I’m writing a blog which is most likely to make sense to Christians or people with an experience of Christianity and/or the church about doubt. This is the second half of a blog about emotionally rooted doubt and is focussed on suffering. 

Suffering and experience
Given the last blog, I wouldn’t want to suggest though that everyone who has a negative emotional reaction towards God has mental health problems or emotional issues! Far from it! 

One of the biggest influences of how we feel about God and Jesus seems to be our experience – in life, in what we see in the wider world, and of church. How many people have had a negative experience of Church which means they have never darkened the door of a Church again and have turned away from God too, not able to reconcile faith in Jesus with the Church that is supposed to represent him? If someone has been abused by a priest; treated cruelly by a Christian leader or friend; witnessed corruption within a church that was shoved under the carpet or maybe even just experienced cliques and unfriendliness that has frozen them out, that’s going to provoke strong emotions such as anger, sadness, loneliness and frustration. All of these emotions tend to create mini earthquakes within a person’s faith – if we feel rotten about God, if we feel betrayed by him and his followers we are not very likely to trust him.

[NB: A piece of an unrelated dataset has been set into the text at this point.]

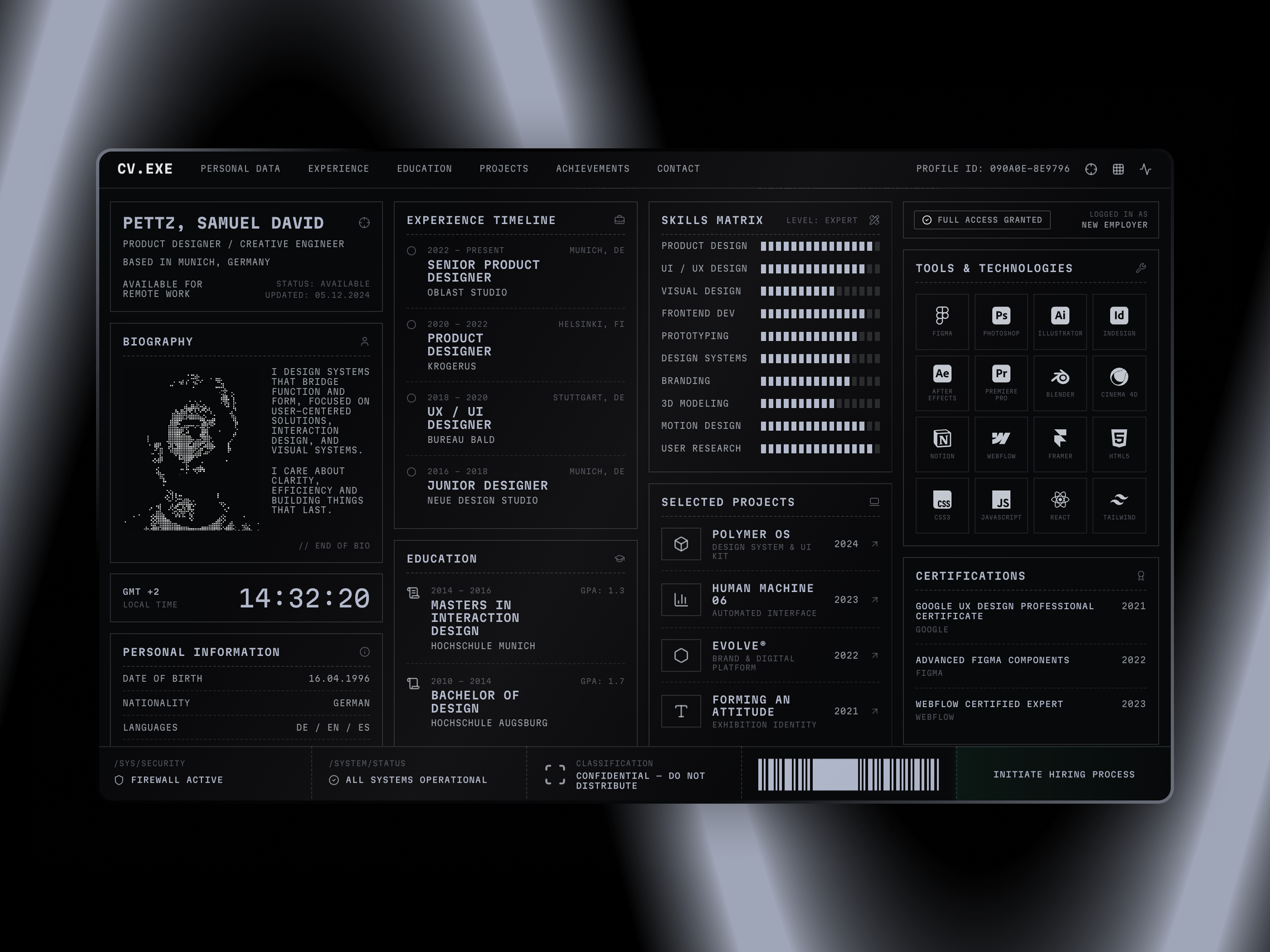 Screenshot 1 of Hire Protocol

Some of the teachings of Christianity can also be a trigger for emotional responses. For example, teaching around hell can cause a lot of distress and doubt around God’s love and anger. My husband experienced this when running the London Marathon. Part of him loved the experience but, already struggling with anxiety and depression, he looked around him at the thousands of people taking part in this amazing event and felt an overwhelming sense of desolation at the idea that these people were to be condemned to hell. And then extreme anxiety about whether or not God could possibly be loving if he were to condemn people to hell. 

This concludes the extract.